The `__name__` variable is a special variable that is set by python. It's value
will be `__main__` when the module is being run directly, but *not* when the
module is being imported. This way you can write files that do something when
you run them directly, but can also be imported from without producing side
effects.


## Exercises

Create a file named `import_exercises.py` or a notebook named `import_exercises.ipynb` to do your work in.

1. Import and test 3 of the functions from your functions exercise file. Import each function in a different way:

    - import the module and refer to the function with the `.` syntax
    
    - use `from` to import the function directly
    
    - use `from` and give the function a different name


2. For this exercise, read about and use the [`itertools` module](https://docs.python.org/3/library/itertools.html) from the standard library to help you solve the problem.

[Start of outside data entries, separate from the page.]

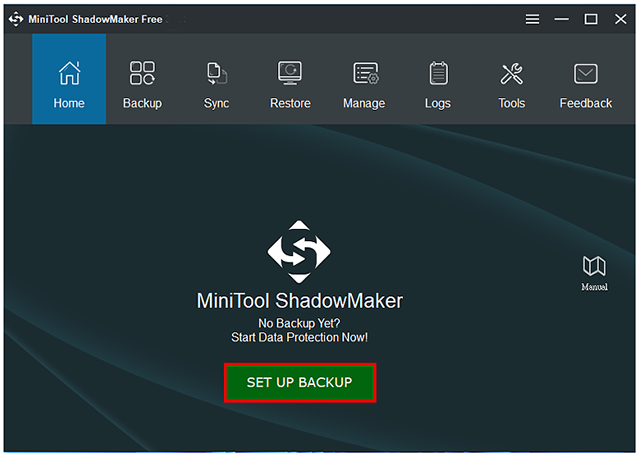 MiniTool ShadowMaker free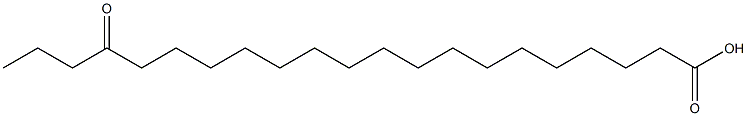 18-Oxohenicosanoic acid Struktur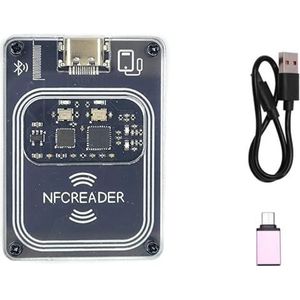 Eighosee PCR532 NFC RFID Bluetooth Draadloze Module IC Kaartlezer Schrijver RFID Emulator Minicopy met Type-C Interface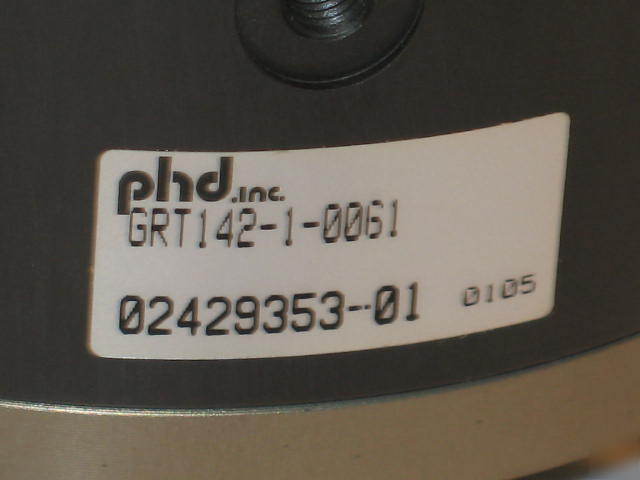 New phd pneumatic air 3-way parallel gripper GRT142-1-0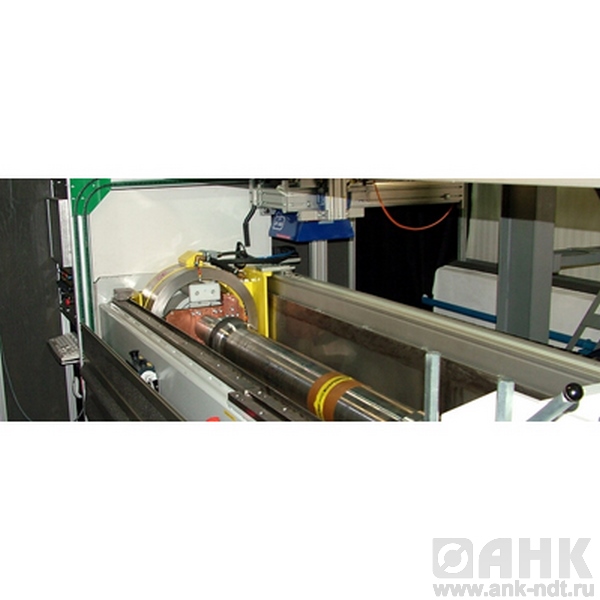 МП дефектоскоп ж/д осей MZO 3000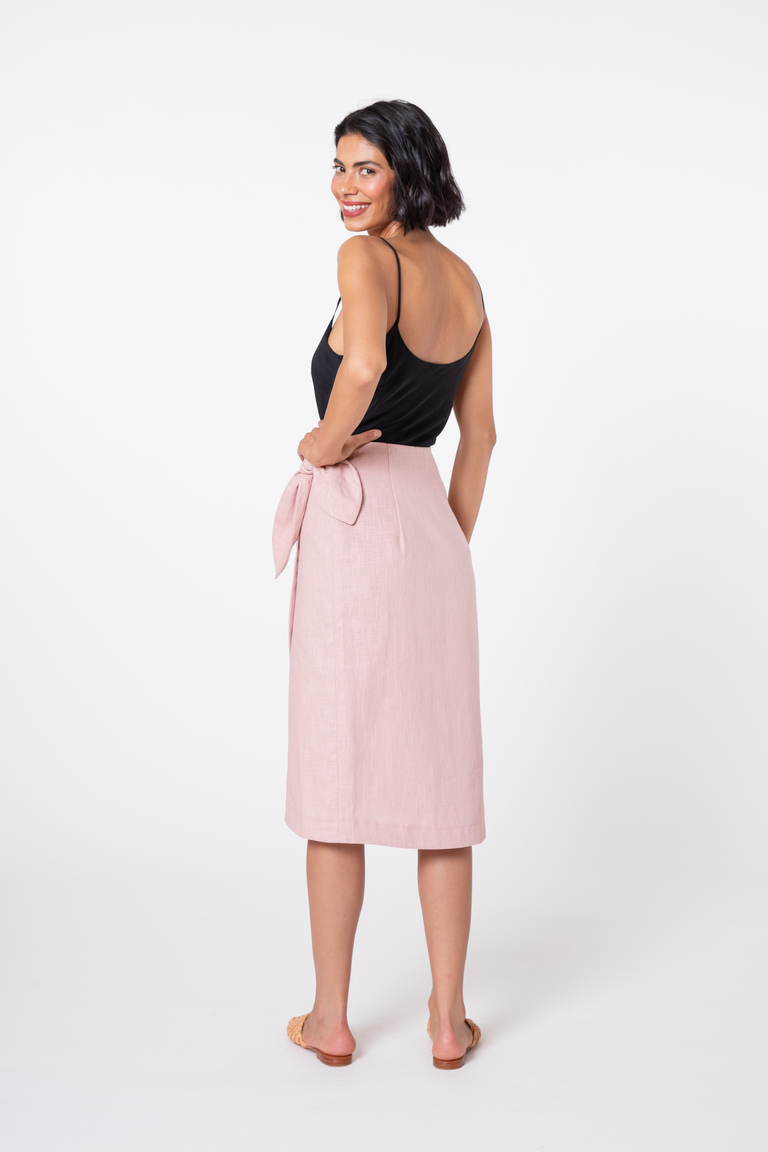 The Darcy sewing pattern, from Seamwork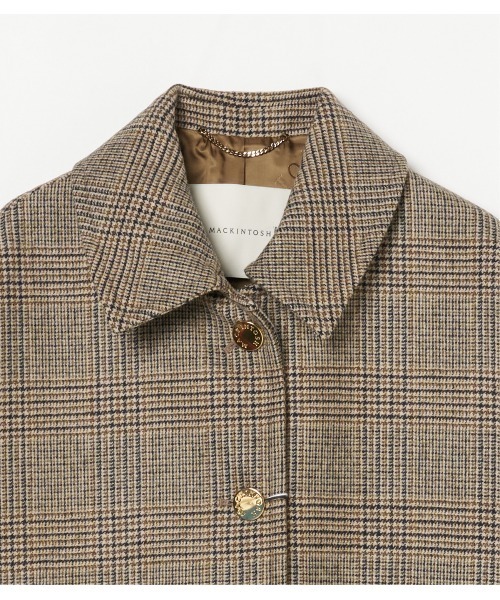 Mackintosh(マッキントッシュ)の「HUMBIE MB(ステンカラーコート・レディース・ブラウン系その他・4/2/6)」の3枚目の写真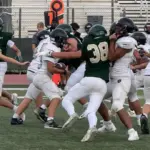 Steele had Knightmares in, 45-0 Loss to Hawk Freshman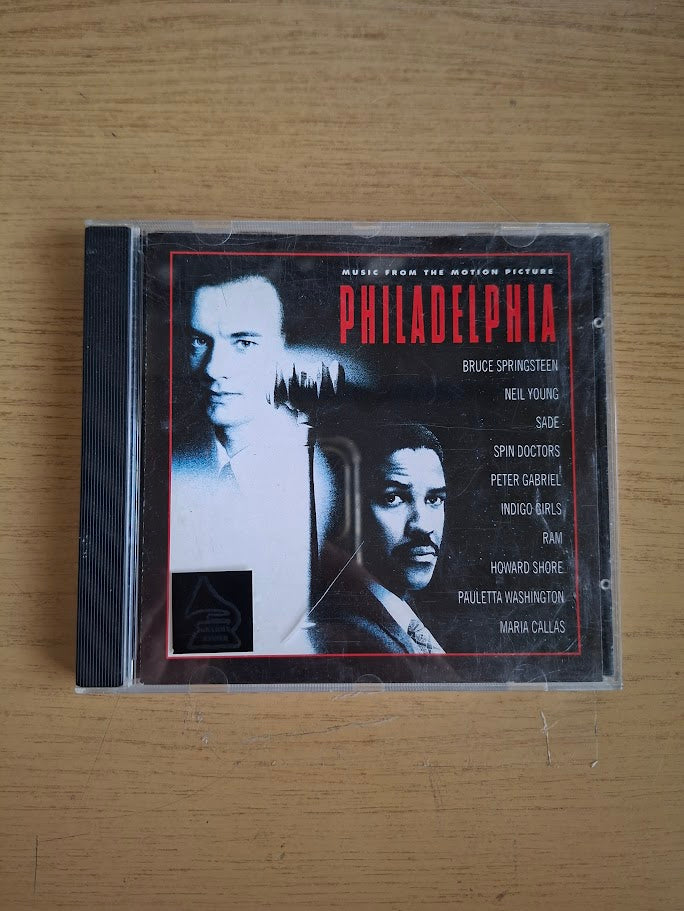 Philadelphia (Music From The Motion Picture) – Various Artists (1994 South African Compilation, Second-Hand CD)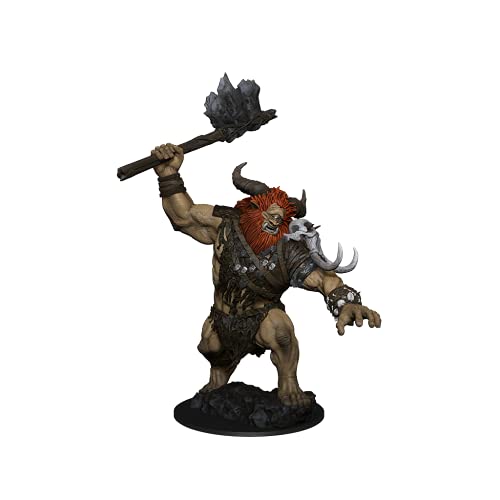 Load image into Gallery viewer, Magic The Gathering Unpainted Miniatures W13: Cyclops Borborygmos
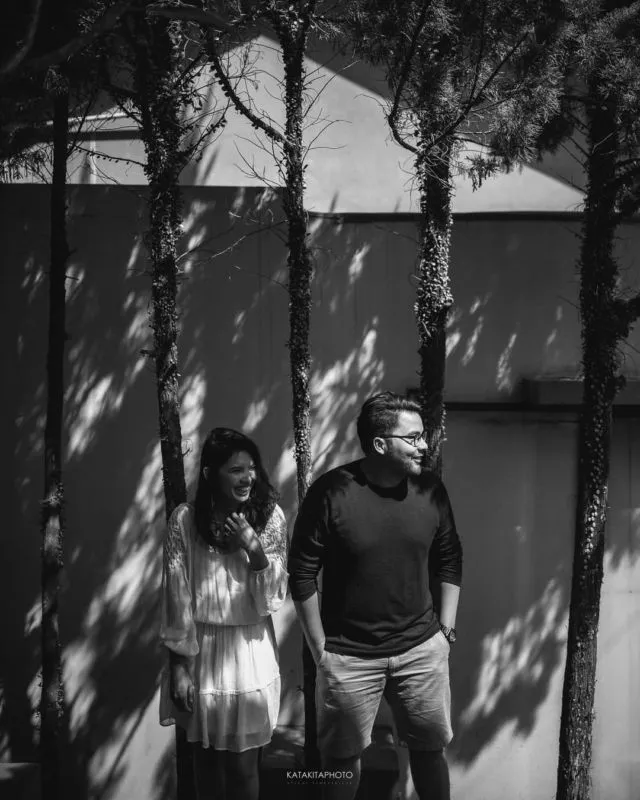 11+ Ide Foto Prewedding Casual Hitam Putih 19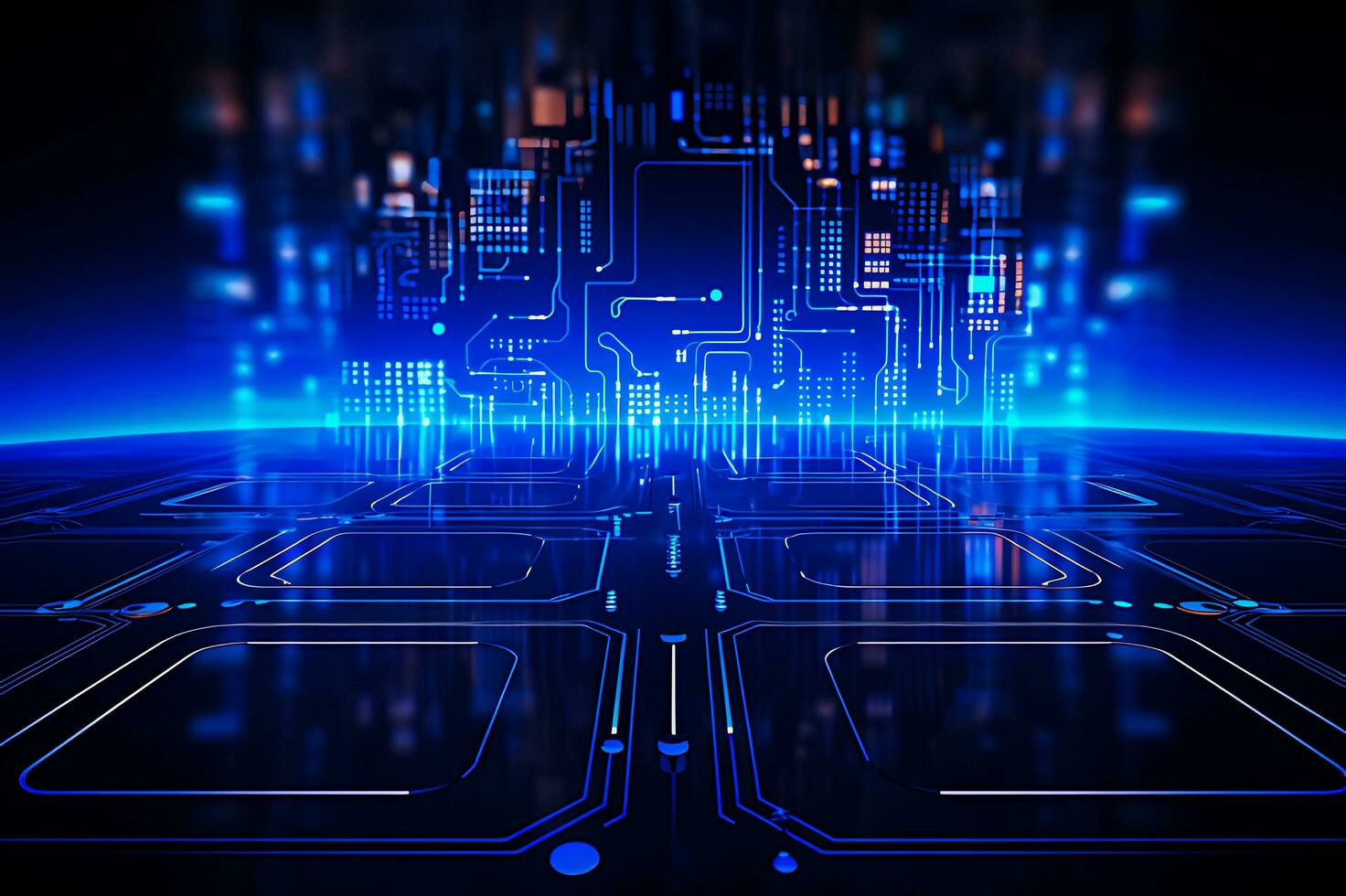 Abstract pattern from technology  background photo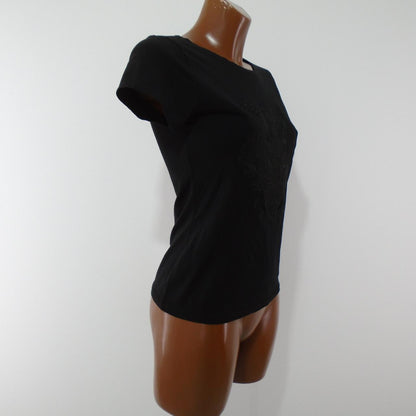 Camiseta Mujer Kenzo. Negro. L. Usado. Bien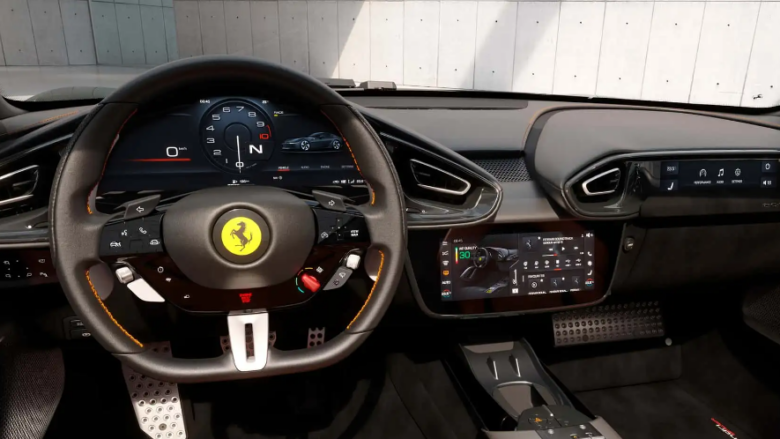 Ferrari po e largon funksionin e navigimit nga veturat e tij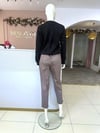 Paçası Dikişli Pantolon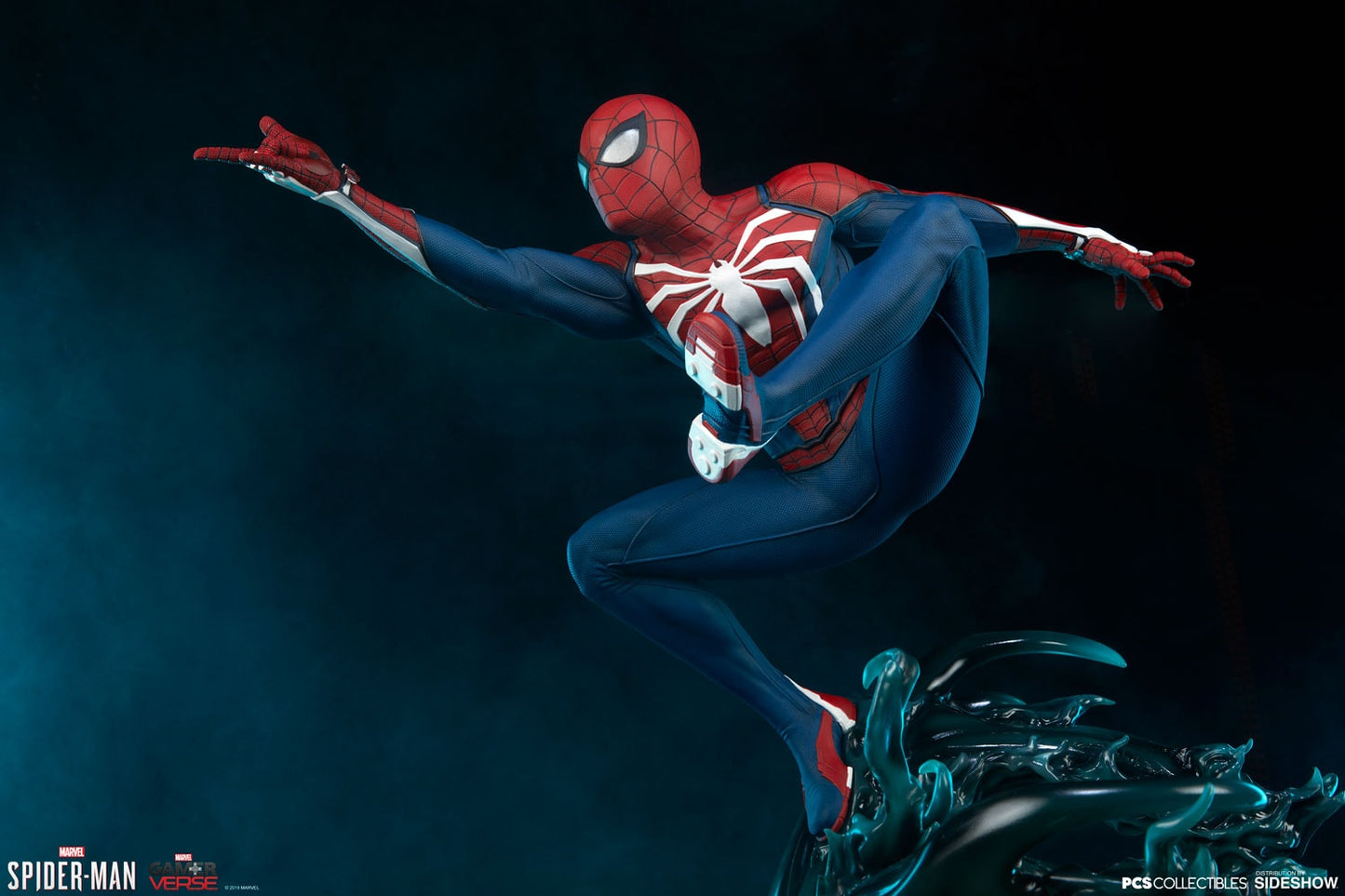SPIDERMAN ADVANCED SUIT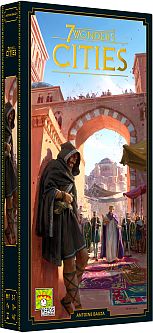 Wonders   2nd Edition Engelsk : Cities Expansion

    - How many different ways can you combine the letters from "abc" with the numbers 1, 2, and 3?

    - How many different ways can you combine two of the letters from "abcd"?


3. Save [this file](https://gist.githubusercontent.com/ryanorsinger/f77e5ec94dbe14e21771/raw/d4a1f916723ca69ac99fdcab48746c6682bf4530/profiles.json) as `profiles.json` inside of your exercises directory. Use the `load` function from the `json` module to open this file, it will produce a list of dictionaries. Using this data, write some code that calculates and outputs the following information:

    - Total number of users

    - Number of active users
    
    - Number of inactive users
    
    - Grand total of balances for all users
    
    - Average balance per user
    
    - User with the lowest balance
    
    - User with the highest balance
    
    - Most common favorite fruit
    
    - Least most common favorite fruit
    
    - Total number of unread messages for all users